Although there are many advantages to belonging to supportive communities, such as church, neighbors, friends, family, dog clubs, and so on, I have to take great care to structure my time carefully or too much time is taken away from home at Blyss with my borzoi.   When I think about it, I still cannot believe I have two borzoi, Jelly and Tresor.  Eight months ago, I had none.  So, the quality of my life has exponentially improved a great deal due to them, and I must not give them short shrift.  In the total scheme of things, they are of primary importance.  Perhaps others would not agree, or would not feel the same way about their pets.  However, for me, that is how it is.  It is important to know oneself, to know what one values most and give those things that one values most highly the consideration they deserve.
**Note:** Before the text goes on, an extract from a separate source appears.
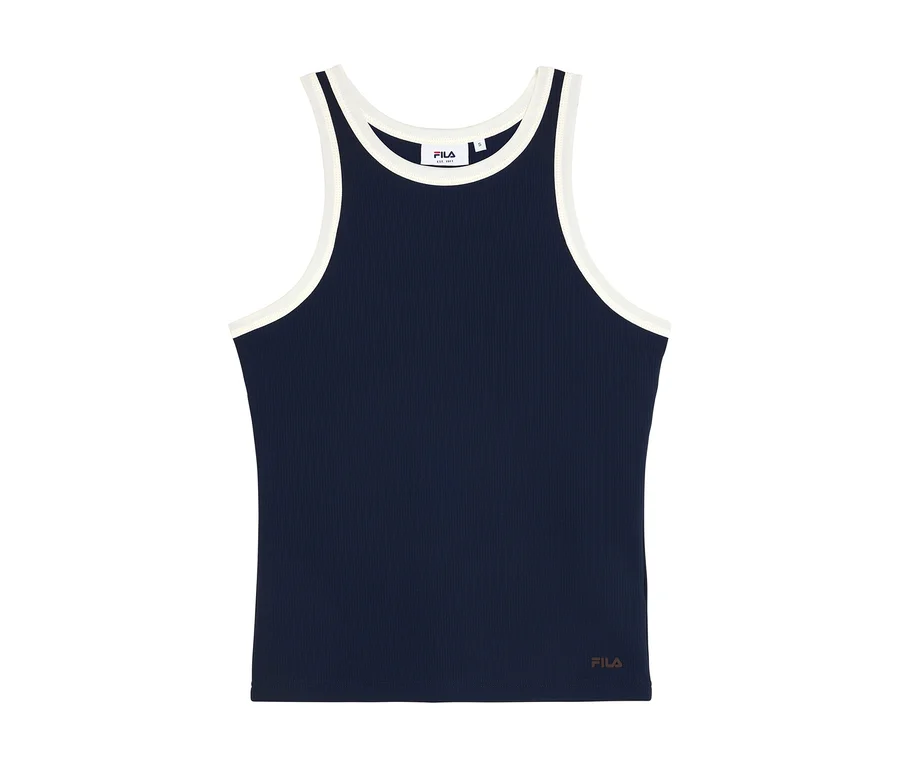 Dunkelblaues FILA Damen-Sportshirt als Tanktop mit Rippstruktur und weißem Besatz an Ausschnitt und Armausschnitten.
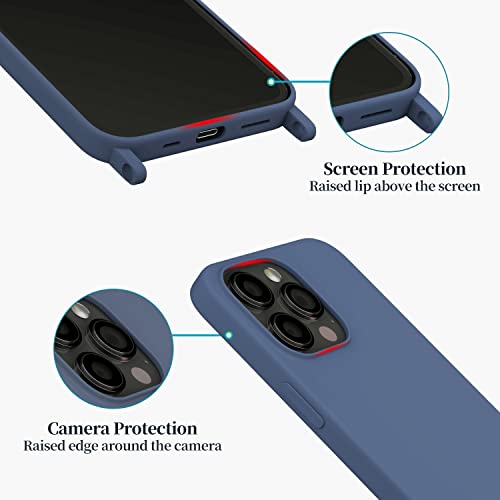 Image of Compatible with iPhone 14 Pro Max Case with Lanyard Crossbody iPhone Case with Strap Adjustable Shockproof Drop Protection Silicone Phone Cover for iPhone 14 Pro Max 6.7'' Dark Blue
There is a concentration of more social gatherings than I would like on my calendar this week, including a cluster of two important ones on Sunday, but they all have merit.   Although they leave me torn, I know that if I neglect my social connections, I do so at the risk of losing the few friends I have.   Coming up first on Thursday, October 1, 2015, is the Morris & Essex Kennel Club show, and Tresor is entered.  Jelly’s breeder, N24, will be here the evening prior.  I have a delicious dinner planned.  We are not in the ring until 2:00 PM in the afternoon, so we have a lot of time to socialize, eat, bathe the borzoi in the morning, and just unwind and have some fun.  My boyfriend will be showing her puppy bitch and Tresor .  He was fortunate to be able to have some handling classes by an incredible instructor, who happens to be a member of the Morris & Essex Kennel Club.  He is a natural athlete with nerves of steel, and I believe he will do just fine.  As the date is rapidly approaching, I feel the stress building.  I do not have his nerves of steel, acquired over years of competing in athletic sports throughout his school years.

I will work harder at staying more focused next week and not let myself be torn in so many diverging directions.
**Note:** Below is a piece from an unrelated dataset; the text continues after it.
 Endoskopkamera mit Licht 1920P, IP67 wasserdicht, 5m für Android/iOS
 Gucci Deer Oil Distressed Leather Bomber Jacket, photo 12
Portrait of Jelly Maxine Bochnia
Portrait of Jelly
Maxine Bochnia

Blyss silence, so very wrong even if justified.

I know it is wrong of me to keep the news of my kennel to myself.  It is just that I now have two borzoi living with me, something I never thought I would have in my life again, and they consume a great deal of my time and energy.  Still, I want to get it right and write it all down for myself if not for others who find themselves in a similar situation.  And, someday they will be gone like the others before them, and the words that I write today will help keep them alive many years from now.

The house and their care would overwhelm me were it not for my boyfriend, “LT” and all of his support.  I simply could not do it alone anymore.  Every day is a struggle. I am aware of the little, or not so little, victory of simply getting out of bed.  Then, once on my feet, the confrontation with a terrible image, an encounter gone wrong, or recollection of one bad memory can send me reeling into near immobility for hours.  Once there, I contemplate my solitude.   And what to do next, I wonder, the challenge of eating and then facing the long day that lies ahead all appear an endless series of impossibilities.  Therefore, it is good the borzoi are here because there is so much to do for them.  Afterwards, I am ready to face the day.  Still, without my boyfriend,”LT”, a most special man, it is unlikely I could do it as well. I believe I could do it, but it would be much harder indeed.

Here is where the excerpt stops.